Monday, December 8, 2014

Birding the Wastewater Wetlands

Columbia, Missouri, has a state-of-the-art, eco-friendly wastewater treatment facility, consisting of a chain of wetlands in the lower Perche Creek Valley, southwest of town.  Surrounded by a raised levee and graveled roadway, it is an excellent area for birding; since our local wildlife refuge has been closed for duck hunting, I opted for the wastewater area, where the value of other life forms is clearly acknowledged.

Yesterday afternoon, green-winged teal were abundant on the open pools, joined by smaller flocks of gadwall and mallards. An adult and two immature bald eagles soared above the valley and a pair of noisy red-tails called from the forested hills.  Riparian woodlands north of the facility were filled with thousands of American robins while sycamore groves to the south were alive with woodpeckers and a host of winter songbirds.  Eastern bluebirds and American goldfinches perched on the wire fencing, dark-eyed juncos foraged along the roadway and song sparrows flitted among the marsh reeds.

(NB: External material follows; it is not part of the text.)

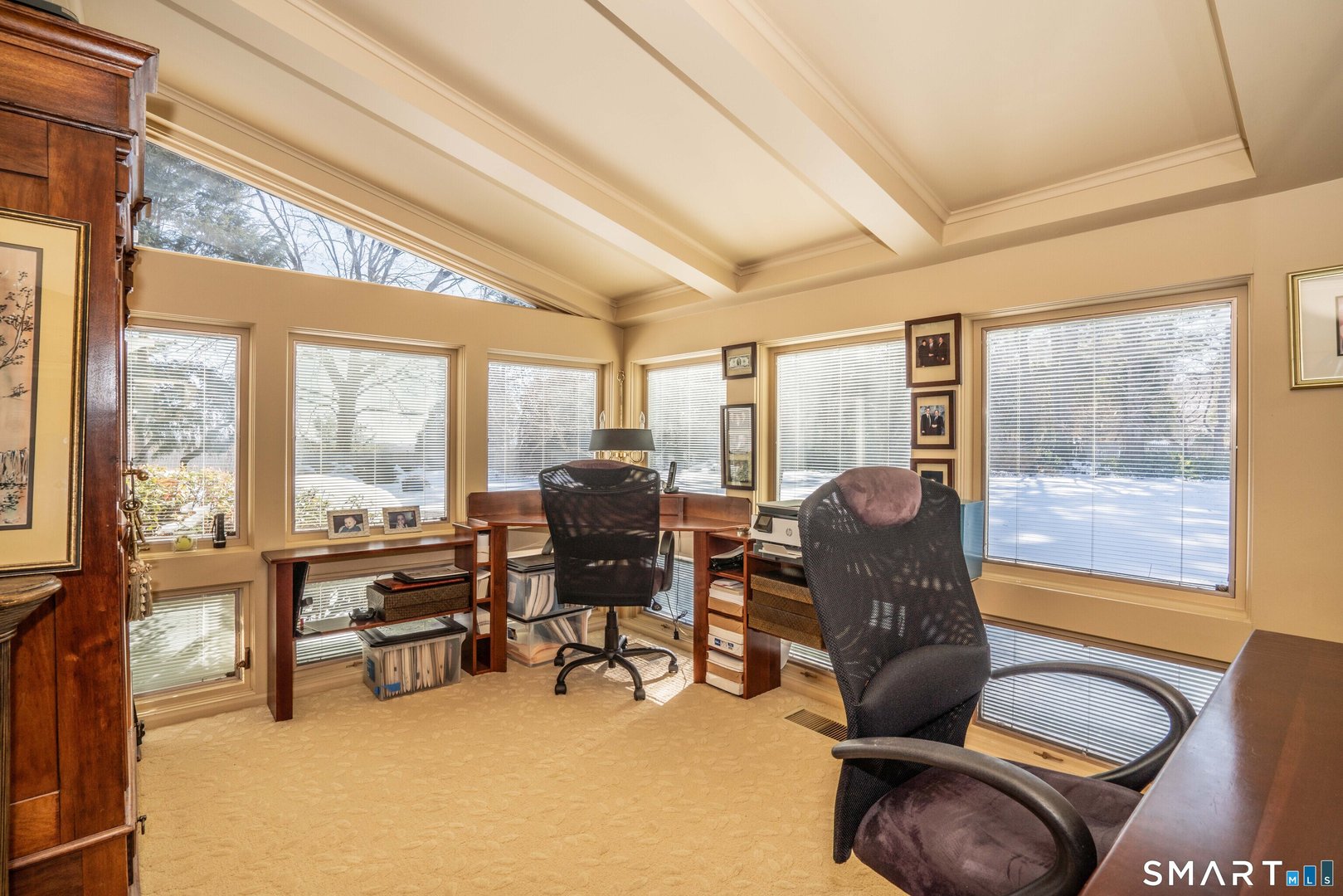 33 Mountain Farms Road Photo 20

Of course, I was hoping that the high-pitched calls of snow geese might pierce the gray overcast but those vocal migrants remain elusive this season.  Nevertheless, I enjoyed my stroll around the wastewater marshes, where solitude is almost guaranteed and where silence is broken only by the calls of avian residents, the distant rumbling of freight trains and occasional chatty bikers on the Katy or MKT Trails.

Sunday, December 7, 2014

America's Lucrative Pheasant

Native to Asia, ring-necked pheasants were introduced to North America in 1881; initially bred in captivity and released on private hunting reserves, this hardy game bird has become established in grassland habitats across the northern half of the U.S. and southern Canada.

Most abundant on the Great Plains and selected as the State Bird of South Dakota, ring-necked pheasants are polygamous and prolific.  Dominant males establish harems during the breeding season and females lay multiple clutches until chicks are successfully hatched.  Known to have a negative impact on greater prairie chicken populations (a native species), male pheasants chase male chickens from their territory and female pheasants may parasitize the nests.  Though hundreds of thousands of male ring-necked pheasants are harvested by hunters each year, such artificial population control is, to some degree, countered by the polygamous breeding habits of these popular game birds; of course, many others are killed by severe weather, vehicles or farm machinery.

More than a century after Americans introduced ringed-necks to our continent, we have, in effect, created a massive hunting preserve from the Pacific to the Atlantic.  In some Great Plains States, pheasant hunting is vital to the economy, bringing in funds from hunting licenses and the patronage of regional stores, hotels and restaurants.  While the pheasants have imbedded themselves in natural ecosystems across the country, providing sustenance for hawks, owls, coyotes, fox and a host of egg consumers, they are unwitting participants in man's manipulation of nature for his own benefit, a practice that has nothing to do with conservation.

Saturday, December 6, 2014

The Suet Platoon

As the dark, cold days of December envelop Missouri, I add suet to our backyard handouts.  While the chunks of high calorie food do not increase the diversity of common winter residents and visitors, the extra activity does augment the chance of attracting rare or uncommon species that might be in the neighborhood.

As is usually the case with new feeders, chickadees are the first residents to inspect the suet, followed by white-breasted nuthatches, titmice, Carolina wrens and downy woodpeckers.  Eventually, hairy and red-bellied woodpeckers, northern flickers, red-breasted nuthatches and brown creepers join the suet platoon; indeed, any winter insectivore (including yellow-rumpled warblers) may partake at times.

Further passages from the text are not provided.